Lafer: Der Gewichtsverlust war ein willkommener Nebeneffekt. Dr. Petra Bracht empfahl mir eine komplette Ernährungsumstellung, vor allem den Verzicht auf Fleisch. Sie ist ja selbst aus Überzeugung und wissenschaftlicher Erkenntnis seit über 30 Jahren Veganerin, das konnte ich mir für mich nun gar nicht vorstellen. Aber sie listete mir Lebensmittel auf, die entzündungshemmend sind, und so habe ich angefangen, wieder mehr Gemüse und Hülsenfrüchte zuzubereiten und auch zu experimentieren. Und plötzlich empfand ich die Ernährung auf pflanzlicher Basis als Genuss und merkte am eigenen Körper, wie gut es mir damit ging. Alle Blutwerte, Cholesterin und Zuckerwerte verbesserten sich innerhalb von wenigen Wochen. Jetzt versuche ich, mein Gewicht zu halten, es dürften auch noch ein paar Kilo weniger werden, aber es fühlt sich auch so schon richtig gut an.

Wie haben Sie Ihre Ernährung umgestellt? Und wie halten Sie es mit dem Fleisch- und Wurstkonsum, haben Sie das Gefühl, Sie müssen auf etwas verzichten?

Lafer: Ich gebe zu, dass mir die Umstellung am Anfang recht schwergefallen ist. Vor allem als Koch und Genussmensch wollte ich ja nicht verzichten. Aber ich habe die Gemüseküche ja schon immer geschätzt. Und es hat mir unglaublich Spass gemacht, basierend auf den 28 entzündungshemmenden Lebensmitteln, die Petra Bracht empfohlen hat, neue Rezepte zu kreieren. Heute kann ich gut auf Fleisch verzichten und trotzdem genussreich essen.
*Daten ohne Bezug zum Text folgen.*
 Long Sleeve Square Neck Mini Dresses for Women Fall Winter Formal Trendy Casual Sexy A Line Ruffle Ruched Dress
Haben Sie schon mal Intervallfasten probiert oder fasten Sie auf andere Weise regelmässig?

Lafer: Fasten war mir nicht fremd, weil ich mich seit Jahren in den ersten Januarwochen in eine Fastenklinik begebe. Das ist am Anfang immer sehr hart, aber so nach ein bis zwei Wochen merke ich jedes Mal, wie Körper und Geist wieder leichter und auch arbeitsfähiger werden. Und auch die Geschmacksnerven werden durch Fasten wieder sensibilisiert. Das tägliche Intervallfasten liegt mir nicht so, aber dessen heilende Wirkung ist unbestritten.

Wie oft machen Sie Ihre Übungen und wie viel Zeit kostet Sie das?
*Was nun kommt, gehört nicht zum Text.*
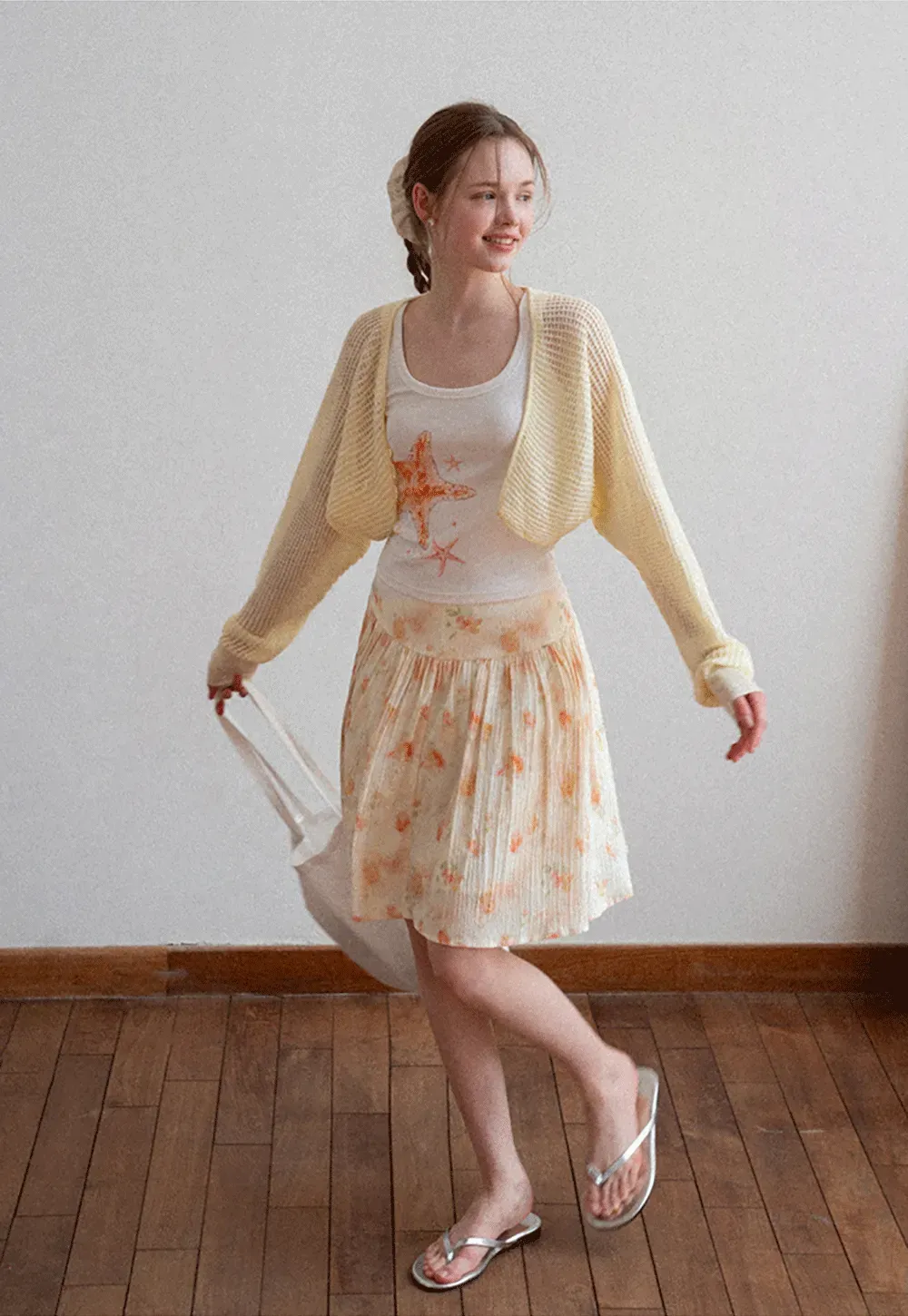 White tank top with starfish print design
Lafer: Zunächst war ich schludrig und habe nicht so richtig an die Übungen von Liebscher-Bracht geglaubt. Aber nach dem ersten Wiederauftreten der Knieschmerzen und einer erneuten Behandlung habe ich mir geschworen, die empfohlenen Übungen Tag für Tag in mein Leben zu integrieren. Das sind nur zehn Minuten am Tag, die ich meistens morgens absolviere. Jetzt nehme ich sogar ein Seil und einen Fusskeil mit auf Reisen, um die Übungen überall durchzuziehen.
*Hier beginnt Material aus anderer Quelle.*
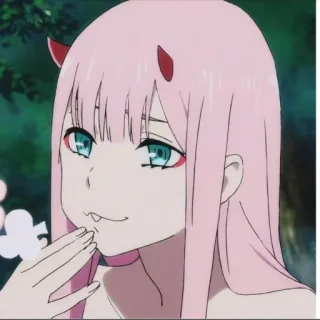🙂 Zero Two Darling in the Franxx アニメ, ゼロツー, ダーリン・イン・ザ・フランキス, カートゥーン, ツノ, ピンク髪, 可愛い telegram sticker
Wie geht es Ihnen heute? Haben Sie die Änderungen in Ihrem Leben zu neuen Dingen inspiriert?

Lafer: Ich brauche keine Tabletten mehr, bin absolut schmerzfrei und fühle mich wie neugeboren! Ich habe wieder viel mehr Spass an meiner Arbeit, bin spontaner geworden und geniesse meine wieder gewonnene Bewegungsfreiheit, kann wieder Wandern gehen und Radfahren. Und ja, ich probiere auch Neues aus. Angesichts der aktuellen Situation, dass die Leute wieder vermehrt zu Hause kochen, will ich die Menschen mit Kochvideos unterstützen und inspirieren. Auch in der Hoffnung, dass sich zukünftig wieder mehr Menschen mit frischen Zutaten und gesund ernähren.